Antique gold: Student uses spark plugs

Kelsey Trotnic spent many evenings in her dorm room this past year thinking about spark plugs. It’s not the sort of thing one expects of a college coed about to embark on a career as an elementary school teacher.

Trotnic, an elementary education major from Parsons, will graduate from Pittsburg State University on Saturday and in the fall will teach fifth grade social studies and communication arts at Carl Junction, Mo.

Over the past year, as she completed her work on an education degree, Trotnic operated a thriving business selling rare antique spark plugs on e-Bay. She used the money she earned to finance a student-teaching experience in Australia.

“At first I didn’t think I was going to be able to go on the trip because of the cost,” said Trotnic, who expects to graduate without the typical student debt. “I started raising money in April (2012) and I didn’t have to make a commitment until the fall, so I thought I would see how much I could put together.”

To launch her enterprise, Kelsey turned to her father, Rick Trotnic, who runs Trotnic Recycling in Parsons.

“He’s a big collector,” Kelsey said of her father.

Kelsey began by giving her dad $800 of her own money to invest. He bought an old grain truck, which Kelsey sold for $1,200. She reinvested her earnings in some antique engines and sold those, but her mainstay quickly became hard-to-find spark plugs that her father found and bought on her behalf.

“My dad probably has 1,000 in his collection,” Trotnic said. “I only sold duplicates of ones he already had.”

Trotnic quickly found buyers around the world. She enlisted her fiancé, Nate Roy, a technology and engineering education major from Webb City, Mo., to clean the spark plugs while she worked the e-Bay account and packaged and shipped the spark plugs to the buyers.

“We would do this in my dorm room,” Trotnic said. “I was probably the only college student in America sitting in my dorm room with a bunch of old spark plugs.”

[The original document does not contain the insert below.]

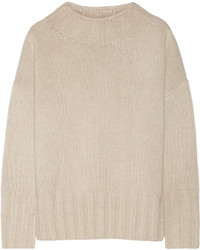 The Row Meme Oversized Merino Wool And Cashmere Blend Sweater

Trotnic was successful, selling more than 300 antique spark plugs at prices ranging up to $200 each to collectors and people who were rebuilding antique engines.

This spring, Trotnic spent five weeks as a student teacher in Australia. She said the international experience she had was well worth the hard work she put into raising the money.

“I know I will have students in my classes who are from different countries and different cultures,” Trotnic said. “(Now) I know what it feels like to be in a different culture.”

She added that she would like to develop an Australian unit in her new classroom and that she collected a lot of material for that unit on her trip.

Trotnic said she couldn’t have accomplished what she did without the help of her parents and fiancé. She said she is also thankful for scholarships, which paid for her tuition, allowing her to apply the money she made from her Internet business to her international student teaching experience.

Back in the U.S. and preparing for graduation, Kelsey is also planning her June wedding. After that, she said, there will be a couple of months before school starts and she will begin earning a salary.

“I probably should be thinking of what I can sell to make some money before school starts,” she said.